Siapa yang tidak tahu Jam Gadang? Ikon khas Kota Bukittinggi ini sangatlah populer tidak hanya dikalangan wisatawan lokal saja melainkan juga mancanegara. Nah, apabila anda sedang berada di Bukittinggi, rasanya kurang lengkap jika tidak mengunjungi Jam Gadang.
Penamaan nama “Gadang” sendiri diambil dari bahasa Minangkabau yang artinya besar. Hal ini tidak mengherankan karena keempat sisi menara tersebut berdiameter cukup besar, yaitu 80 cm.
Di balik kemegahannya, Jam Gadang ternyata menyimpan fakta sejarah serta keunikannya tersendiri, loh. Bahkan berkaitan dengan Menara Bigben di London. Wah, benarkah? Yuk, langsung kita masuk ke ulasan selengkapnya.
Sejarah Jam Gadang
Tahukah anda bahwa pembangunan menara Jam Gadang sudah dimulai sekitar tahun 1826. Dengan kata lain menara megah ini sudah dibuat sejak Belanda masih menjajah Indonesia. Menara Jam Gadang adalah kado khusus untuk sekretaris kota Bukit Tinggi yang saat itu dijuluki controller, dia bernama Rook Maker.
Sementara itu untuk design Jam Gadangnya dibuat oleh Yazin dan Sutan Gigi Ameh.. Terlihat ya, dari namanya. Keduanya adalah arsisitektur asli Indonesia. Peletakan batu pertama untuk Jam Gadang dilakukan oleh putra Rook Maker, saat itu usianya masih 6 tahun.
Pembangunannya sendiri menghabiskan dana yang cukup besar, yaitu sekitar 3000 gulden. Angka ini terbilang fantastis sehingga tidak heran dalam perkembangan pembangunannya Jam Gadang membutuhkan waktu yang lama.
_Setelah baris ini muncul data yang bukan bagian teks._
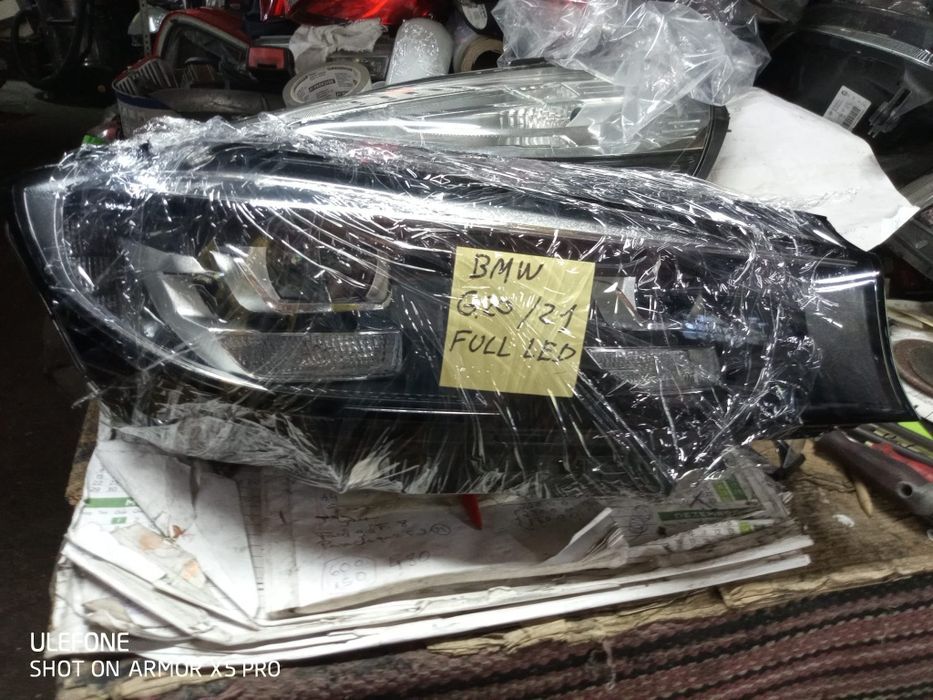 Ótica BMW G20/G21 Full ledl
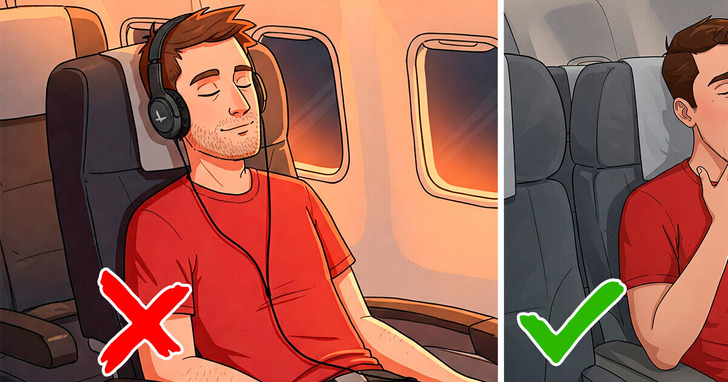 Dlaczego podczas lotu masz zatkane uszy i jak to zatrzymać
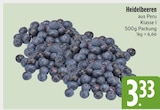 Heidelbeeren im aktuellen E xpress Prospekt für 3,33 €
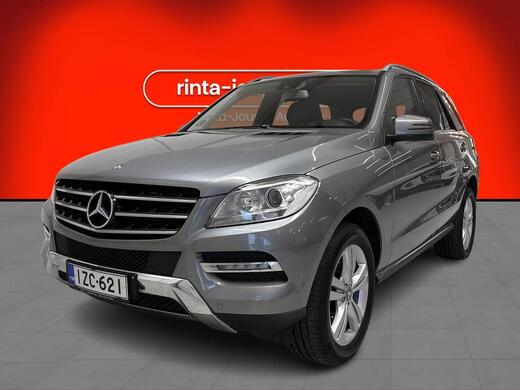 Mercedes-Benz ML vaihtoauto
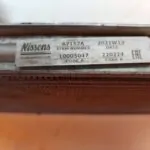 RADIADOR AGUA 115576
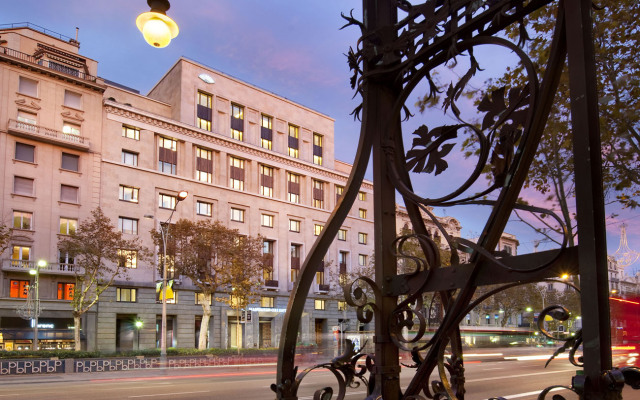 Отель Mandarin Oriental Barcelona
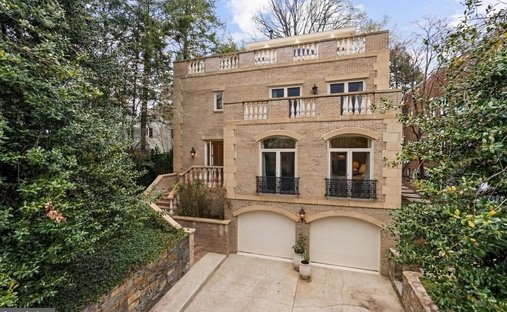 Casa en Washington D. C., Distrito de Columbia, Estados Unidos 1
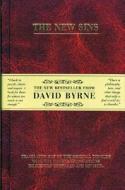 The New Sins/los Nuevos Pecados di David Byrne edito da Mcsweeney's Publishing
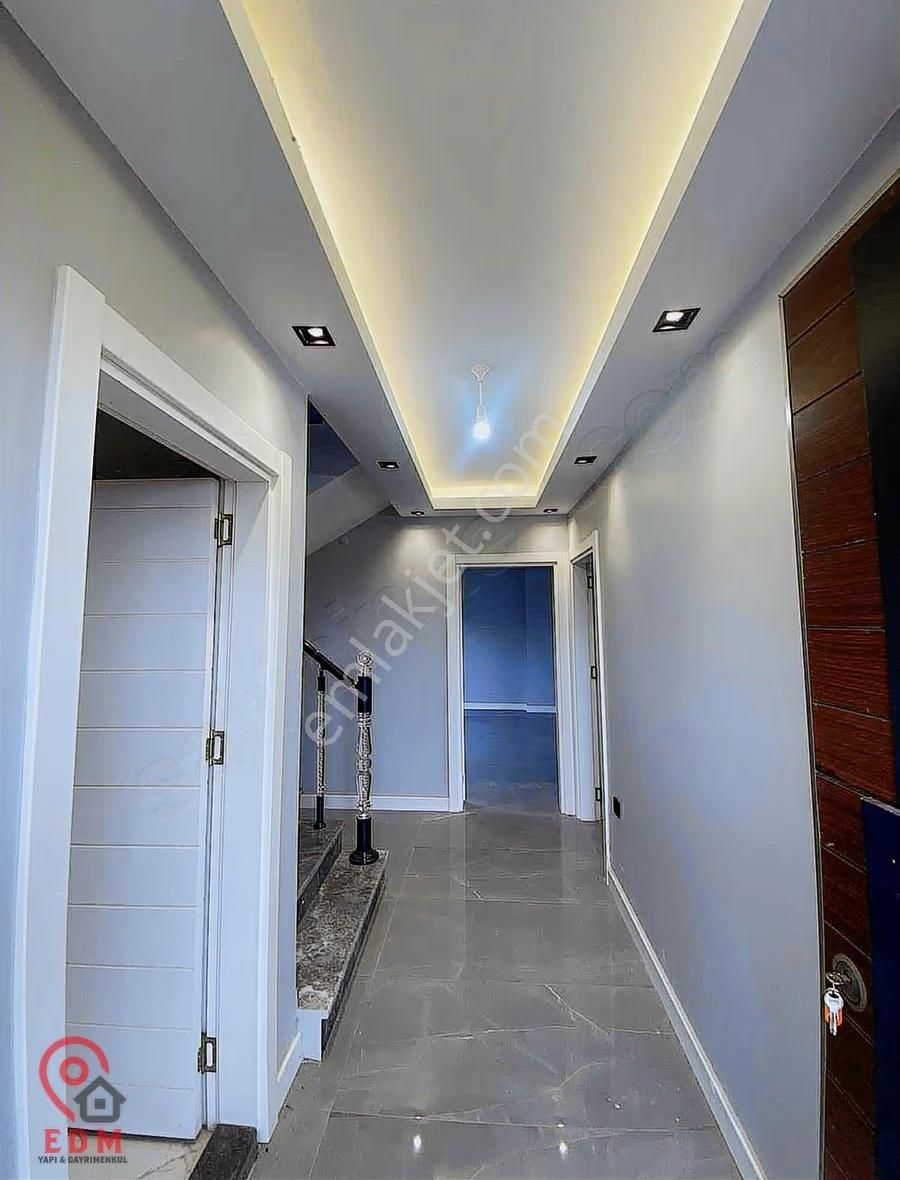 Silivri Ortaköy'de Müstakil Havuzlu Satılık Villa - Görsel 12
Uniknya, nih, ternyata Bangunan Jam Gadang tidak dibuat dari besi dan adukan semen, loh. Wah, percaya tidak? Hebat bukan menara sebesar itu ternyata hanya mengandalkan campuran pasir putih, kapur, serta putih telur.
Menurut para ahli arsitektur di dunia, putih telur ternyata tidak hanya bermanfaat bagi kecantikan namun juga dipercaya mempunyai kandungan zat perekat yang sangat kuat. Jika anda pernah membaca sejarah bangunan-bangunan lain yang terkenal di dunia seperti Colloseum di Roma, Masjid Raya Sultan di Riau, dan Candi Borobudur di Jogja semuanya menggunakan putih telur.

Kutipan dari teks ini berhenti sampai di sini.